広島のドラフト2位ルーキー・薮田和樹投手(22)が7月2日の巨人戦(東京ドーム)で一軍デビューすることが濃厚となった。当初は29日のユニバーシアード壮行試合にNPB選抜として出場予定だったが、メンバーから外れたことが25日、発表された。薮田自身はこの日、ウエスタン・リーグの中日戦に先発し5回1失点の好投。畝投手コーチは「そのうち可能性はあると思う」と話すにとどめたが、先発ローテ6人目の男になる可能性が高まった。

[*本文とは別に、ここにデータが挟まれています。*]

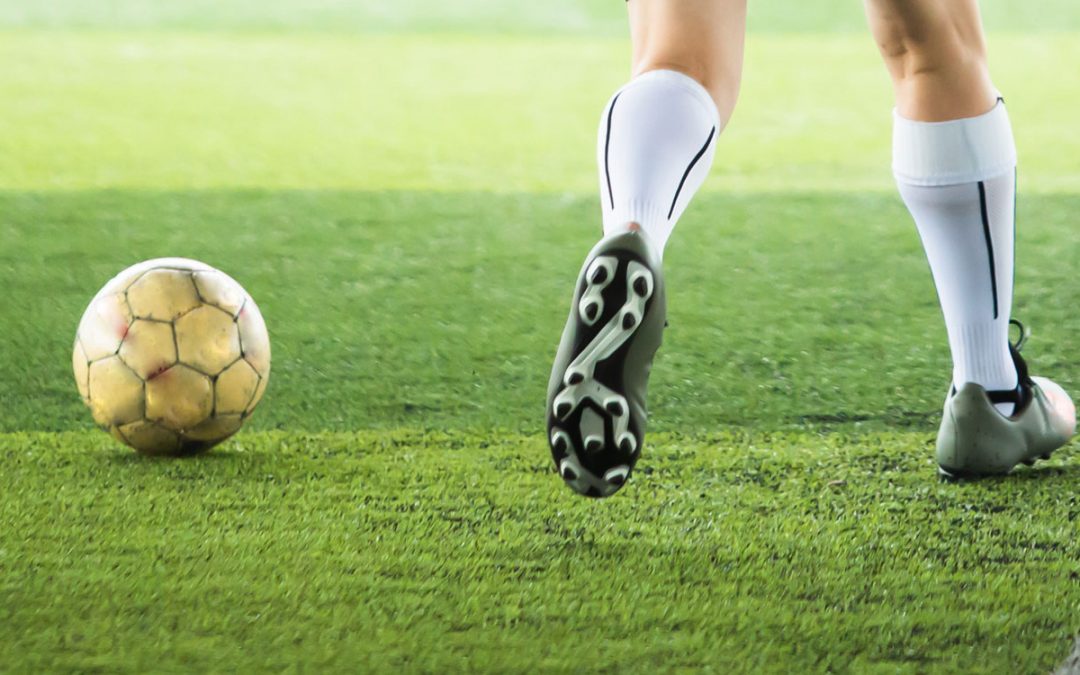 Le Podologue du Sport : Un Allié Incontournable pour les Footballeurs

 まさに隠し玉だ。ファームでは8試合に登板し4勝1敗、防御率1.70の好成績を残しているが、右肩痛のため亜大4年時の公式戦での登板はなし。相手チームへの情報は限りなく少ない。初対戦に弱いとされる巨人打線は24日も、DeNAの19歳左腕・砂田に5回1点とてこずったばかりだ。「巨人打線が初物を苦手とする傾向はまだ続いている。真っすぐは150キロを超える本格派だが、投げ方が独特でそこもメリットになる」(チーム関係者)と、G倒への期待は膨らむばかりだ。

 また、ハートの強さも大きな武器となる。リーグ戦再開前の16、17日と一軍の練習に初参加。普通のルーキーならば先輩たちに囲まれて物おじしそうなものだが「分からないことは先輩選手にハッキリ聞いていたし、首脳陣が見守るなかでの投球練習でも力むことなく自分の持ち味を出せていた」(同関係者)。そんな度胸満点なところも評価され、敵地での巨人戦がめぐってきたというわけだ。

 大学時代の故障もあり即戦力というよりは2、3年先の活躍を見込まれていた薮田だが一躍、チームの救世主になるかもしれない。